Neue Osnabrücker Zeitung'un aynı konudaki yorumu ise şöyle:
"Washington İran yaptırımlarının dozunu arttırmakla bu ülkeye ekonomik savaş ilan etmiş oldu. Donald Trump'ın başkanlığındaki ABD, uluslararası eleştirilere rağmen güçlü pozisyonundan, şantajdan başka anlamı olmayan uygulamalar için yararlanıyor. Nükleer anlaşmadan çekilmekle devletler hukukunu ihlal etmiş olmakla kalmayıp, anlaşmazlıkları giderme yolunda sağlanan cüzi ilerlemeyi de boşa çıkarıyor. Amerikan yaptırımları küresel ticari ilişkilere hissedilir zarar verecektir. Avrupa bu politikaya, Amerikan yaptırımlarını bypass edecek yöntemlerle direnmeye çalışıyor. Ama nükleer anlaşmanın bu yoldan kurtarılabileceği şüphe götürür. Şurası kesindir ki, zaten istikrarsız olan bir bölgeyi, aktörlerden birini cezalandırarak istikrara kavuşturma girişimi hiçbir zaman sonuç vermemiştir. Dolayısıyla Trump usulü şantajcılığın işe yarayacağı kuşkuludur.”

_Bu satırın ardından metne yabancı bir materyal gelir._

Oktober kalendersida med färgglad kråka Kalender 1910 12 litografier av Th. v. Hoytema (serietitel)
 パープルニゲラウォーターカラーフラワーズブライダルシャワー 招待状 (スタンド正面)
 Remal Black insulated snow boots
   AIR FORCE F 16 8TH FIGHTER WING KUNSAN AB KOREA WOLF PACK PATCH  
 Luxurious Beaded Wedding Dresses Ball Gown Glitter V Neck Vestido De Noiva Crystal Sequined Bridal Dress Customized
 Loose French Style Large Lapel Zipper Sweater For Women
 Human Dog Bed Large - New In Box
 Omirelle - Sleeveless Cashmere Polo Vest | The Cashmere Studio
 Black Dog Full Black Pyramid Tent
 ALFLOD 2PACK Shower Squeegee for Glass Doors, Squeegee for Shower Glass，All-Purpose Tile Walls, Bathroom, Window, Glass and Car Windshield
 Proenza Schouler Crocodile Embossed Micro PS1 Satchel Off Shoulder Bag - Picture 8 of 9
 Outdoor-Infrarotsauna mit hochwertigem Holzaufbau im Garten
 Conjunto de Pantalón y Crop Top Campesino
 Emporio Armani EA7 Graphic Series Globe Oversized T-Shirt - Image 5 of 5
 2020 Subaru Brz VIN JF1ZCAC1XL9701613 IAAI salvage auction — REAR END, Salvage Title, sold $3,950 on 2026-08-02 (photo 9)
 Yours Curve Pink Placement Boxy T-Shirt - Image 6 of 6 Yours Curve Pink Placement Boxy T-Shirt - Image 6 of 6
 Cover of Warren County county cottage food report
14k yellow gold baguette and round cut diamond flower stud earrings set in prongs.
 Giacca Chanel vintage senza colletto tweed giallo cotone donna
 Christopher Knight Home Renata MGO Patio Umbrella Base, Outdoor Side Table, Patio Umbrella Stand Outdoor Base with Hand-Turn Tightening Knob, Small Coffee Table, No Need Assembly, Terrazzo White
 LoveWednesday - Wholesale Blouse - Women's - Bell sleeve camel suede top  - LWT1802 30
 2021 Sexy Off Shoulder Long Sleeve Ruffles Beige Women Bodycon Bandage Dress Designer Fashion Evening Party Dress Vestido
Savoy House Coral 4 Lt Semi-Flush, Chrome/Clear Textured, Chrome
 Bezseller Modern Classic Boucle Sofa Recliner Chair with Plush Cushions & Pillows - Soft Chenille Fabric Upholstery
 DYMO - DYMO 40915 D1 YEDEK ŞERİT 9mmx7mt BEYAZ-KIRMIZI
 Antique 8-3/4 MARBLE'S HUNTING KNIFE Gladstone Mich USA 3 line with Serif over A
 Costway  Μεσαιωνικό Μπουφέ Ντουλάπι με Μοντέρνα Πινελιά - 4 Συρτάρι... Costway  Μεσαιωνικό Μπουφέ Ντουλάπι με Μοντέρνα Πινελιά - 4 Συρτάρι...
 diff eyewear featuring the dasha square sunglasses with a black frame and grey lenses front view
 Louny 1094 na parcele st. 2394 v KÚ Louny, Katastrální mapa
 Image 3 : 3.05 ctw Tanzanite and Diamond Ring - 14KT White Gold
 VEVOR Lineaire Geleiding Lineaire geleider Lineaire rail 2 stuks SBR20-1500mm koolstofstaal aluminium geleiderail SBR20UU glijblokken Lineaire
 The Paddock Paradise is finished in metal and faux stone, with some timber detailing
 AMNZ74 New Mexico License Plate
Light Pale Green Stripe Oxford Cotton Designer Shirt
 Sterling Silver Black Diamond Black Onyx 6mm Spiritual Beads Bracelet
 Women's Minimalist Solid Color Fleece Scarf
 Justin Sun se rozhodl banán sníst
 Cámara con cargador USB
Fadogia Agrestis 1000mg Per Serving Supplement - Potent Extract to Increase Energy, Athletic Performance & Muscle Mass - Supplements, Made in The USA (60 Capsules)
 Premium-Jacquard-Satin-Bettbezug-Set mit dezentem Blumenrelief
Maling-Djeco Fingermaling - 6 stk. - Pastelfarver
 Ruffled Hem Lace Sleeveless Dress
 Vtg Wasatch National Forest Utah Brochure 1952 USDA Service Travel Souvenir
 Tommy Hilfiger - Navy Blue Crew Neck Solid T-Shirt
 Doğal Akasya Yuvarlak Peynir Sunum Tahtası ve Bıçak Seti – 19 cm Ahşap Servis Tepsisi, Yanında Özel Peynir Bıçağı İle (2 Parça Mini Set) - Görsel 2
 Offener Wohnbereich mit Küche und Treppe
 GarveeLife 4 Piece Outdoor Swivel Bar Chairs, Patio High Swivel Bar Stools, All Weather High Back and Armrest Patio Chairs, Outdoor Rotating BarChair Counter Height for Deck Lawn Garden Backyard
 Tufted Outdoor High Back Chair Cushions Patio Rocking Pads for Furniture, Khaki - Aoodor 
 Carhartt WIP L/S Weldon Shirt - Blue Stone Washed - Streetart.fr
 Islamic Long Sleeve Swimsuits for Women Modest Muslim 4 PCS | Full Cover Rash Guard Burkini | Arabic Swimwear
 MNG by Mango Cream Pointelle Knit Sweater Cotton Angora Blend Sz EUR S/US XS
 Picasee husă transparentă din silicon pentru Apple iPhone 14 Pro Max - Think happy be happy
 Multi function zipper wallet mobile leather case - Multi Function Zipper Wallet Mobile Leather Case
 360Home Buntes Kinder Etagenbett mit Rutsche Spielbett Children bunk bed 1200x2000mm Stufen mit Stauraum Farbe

Süddeutsche Zeitung ABD Kongre seçimlerini konu alan yorumunda kampanya sırasında kimlik arayışının diğer konuları bastırdığına vurgu yapıyor:
"Demokratlarla Cumhuriyetçiler arasındaki seçim mücadelesinde ekonomi, vergi indirimi, altyapı, bütçe ya da artan suçlarla mücadele gibi konular rol oynamadı. Parti programları ve temel siyasi tercihler ABD'deki siyasi tartışmaların ikincil konuları oldu ve Trump'ın Başkanlığa seçildiği 2016 yılındakinden de az rol oynadı. Kongre seçiminde oylar kimlik tercihine göre kullanılacak. ‘Bana kim olduğunu söyle, ben kimi seçeceğini söyleyeyim'. Ya da ‘bizim grup sizin gruba karşı'. Bu fenomen aslında yeni değil. Öteden beri azınlıklar çoğunlukla Demokratları, beyazlar ise Cumhuriyetçileri seçer, fakat taraflar halk gruplarını birbirine düşürmemeye özen gösterirdi. Ama artık iki büyük parti de, Amerikalıların kimlik politikası dedikleri oyunun farklı versiyonlarını oynuyor. Demokratlar seçim gününe kadar, normal olarak sandığa gitmeyen azınlıkları harekete geçirmeye çalıştı. Cumhuriyetçiler ise 2016 yılında Trump'ı Beyaz Saray'a taşıyan yüksek motivasyonlu seçmen grubunun desteğiyle Kongre çoğunluğunu kurtarmayı umuyorlar. Bu oyunu kazananın ödülü Amerikan halkının bölünmesi ve sorunları çözecek politikaların rafa kalkması olacaktır.”
Mittelbayerische Zeitung Cumhuriyetçi partinin Kongre'nin her iki kanadındaki çoğunluğunu korumasının Trump'ın daha da radikalleşmesine yol açacağına işaret ediyor:
"Erken seçimlere katılan kadın ve gençlerin artması umut veriyor. Ancak bu umut, kamuoyu araştırmacılarını yalancı çıkaran 2016 yılındaki Başkanlık seçiminin de kanıtladığı gibi, aldatıcı olabilir. Trump'ın, milliyetçilik, ırkçılık ve himayecilik karışımı şeklindeki zehirleyici ‘Önce Amerika' sloganı sanıldığından etkili çıktı. Trump yine bu yöntemle başarılı olursa, icraatını daha da radikalleştirme cesaretini kendinde bulacaktır. Bu bakımdan Başkanlık döneminin ortasına isabet eden Kongre seçimleri büyük küresel önem arz ediyor. Söz konusu olan Kongredeki güç dağılımı değil, Amerikan demokrasisinin geleceğidir.”